*About this exercise*:
Leaving out all pictures, reproduce the entries below exactly, from the first line through the line that contains "Metallic osteosyntesis of".

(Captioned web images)

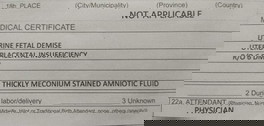 caused of death :
malapot na panubigan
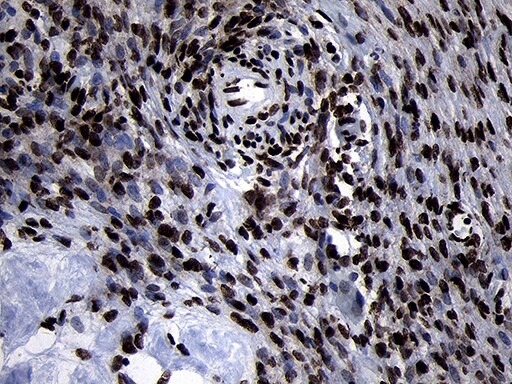 HOXC4 Antibody (OTI2D5) Immunohistochemistry;HOXC4 Antibody (OTI2D5)[NBP3-44812]-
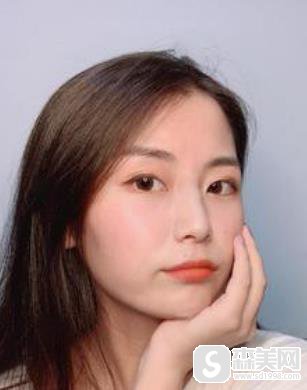 上海九院c8激光祛斑怎么样?前后对比图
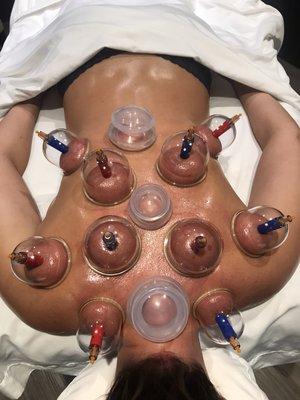 Cupping therapy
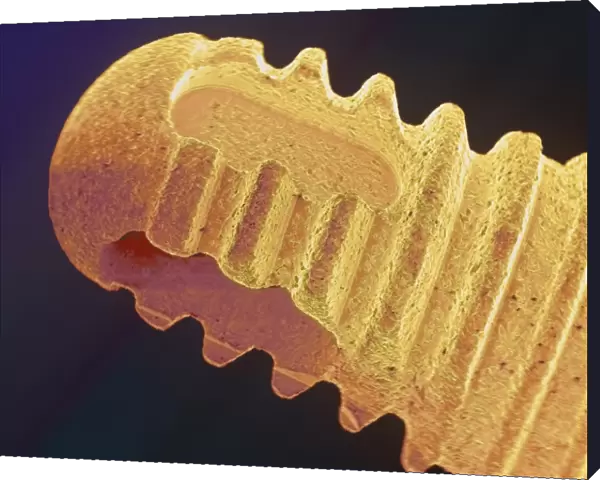Coloured SEM of the root of a dental implant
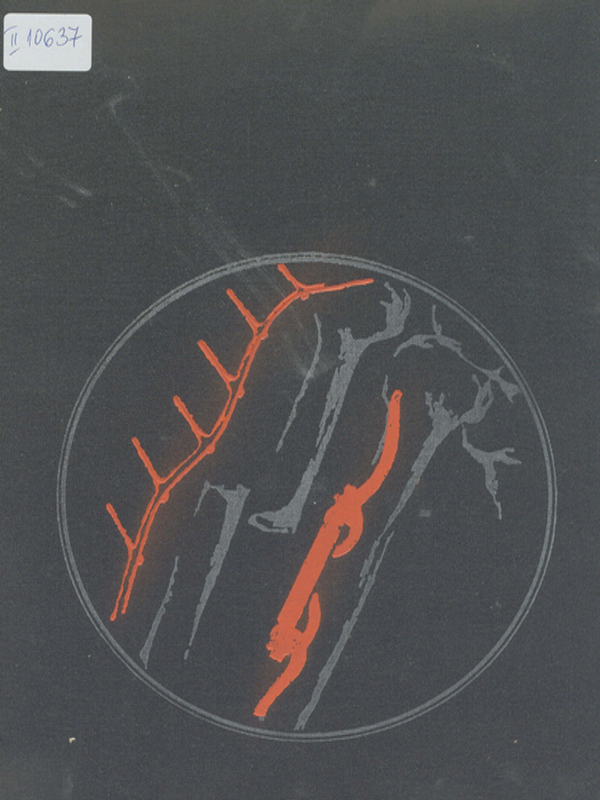Metallic osteosyntesis of bone fractures based on the topography of bone resistance
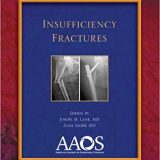 (eBook PDF)Insufficiency Fractures (Monograph Series AAOS) by American Academy of Orthopaedic Surgeons , Joseph M. Lane MD , Anas Saleh MD (Illustrator)
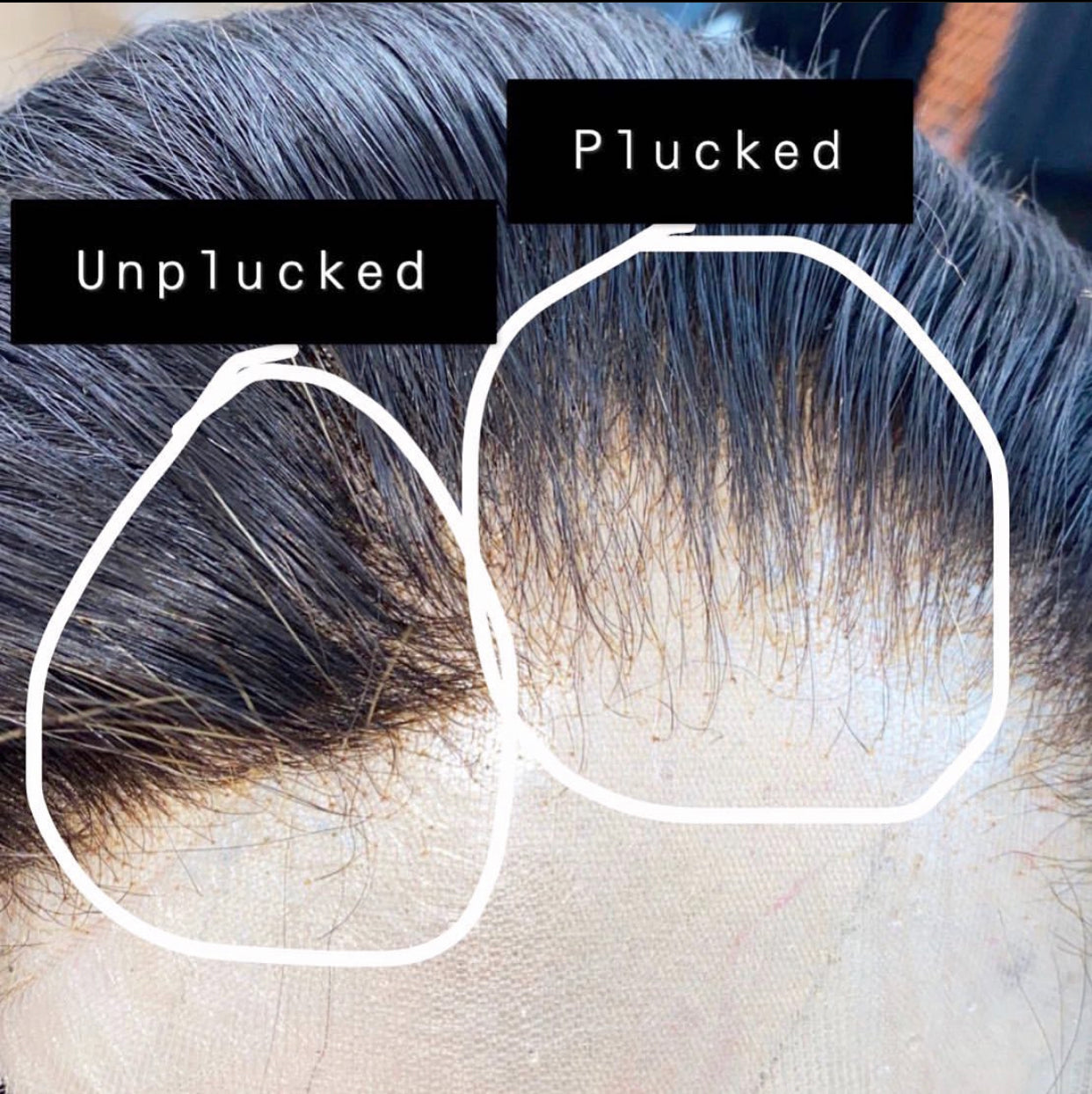 Closure customisation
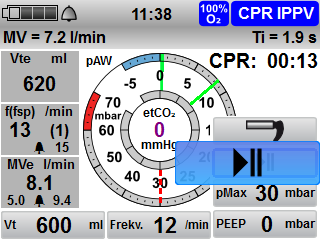4 Příprava a obsluha Pauza umělého dýchání v režimu CPR Během analýzy defibrilátoru můžete v umělém dýchání udělat pauzu, aby se zabránilo artefaktům při analýze. Předpoklad Přístroj je zapnutý.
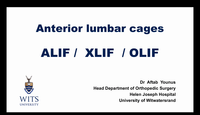 Anterior lumbar cages: ALIF, X...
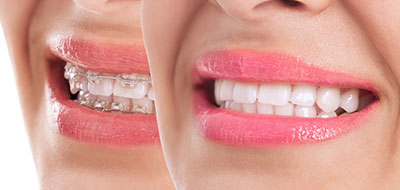 A side-by-side comparison of a person s natural smile and their smile with braces, showcasing the transformative effect of orthodontic treatment.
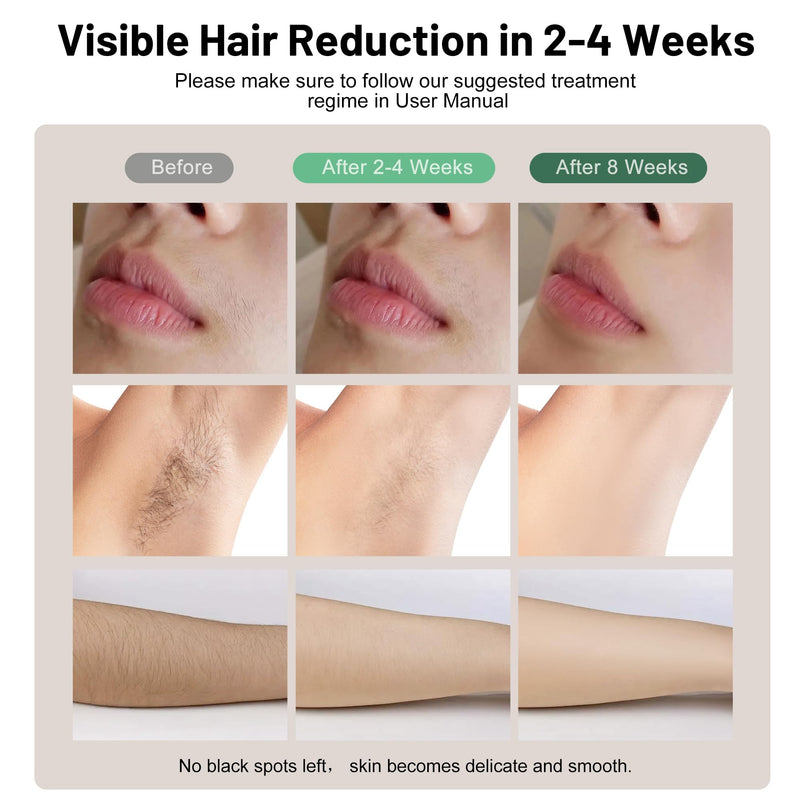 [Australia] - Laser Hair Removal, IPL Hair Removal Device with Cooling Function, Safe, Long-lasting and Virtually Painless Treatment, Unlimited Flashes at Home Use 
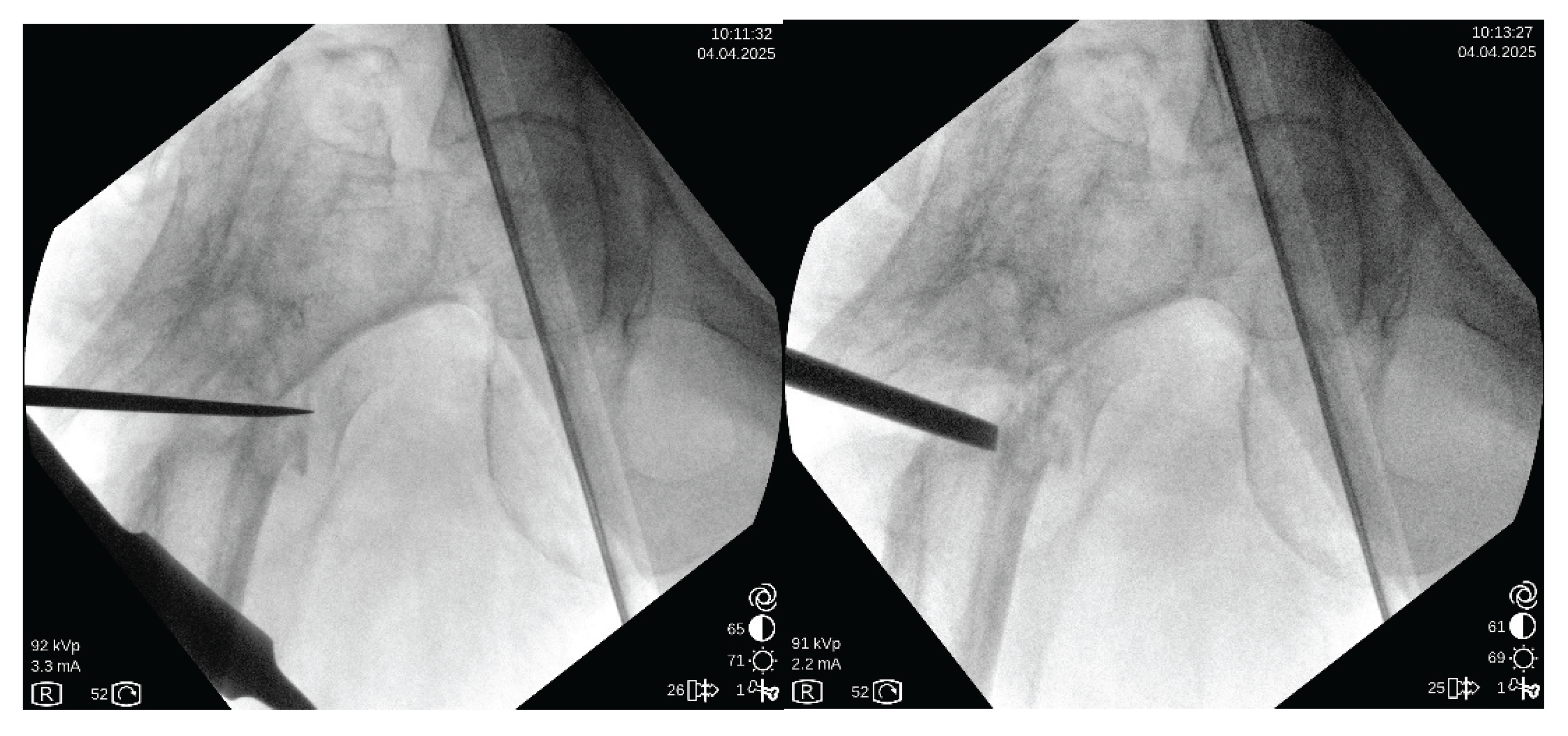 Preprints 173801 g005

*Solution for this problem*:
 caused of death :
malapot na panubigan
 HOXC4 Antibody (OTI2D5) Immunohistochemistry;HOXC4 Antibody (OTI2D5)[NBP3-44812]-
 上海九院c8激光祛斑怎么样?前后对比图
 Cupping therapy
Coloured SEM of the root of a dental implant
Metallic osteosyntesis of bone fractures based on the topography of bone resistance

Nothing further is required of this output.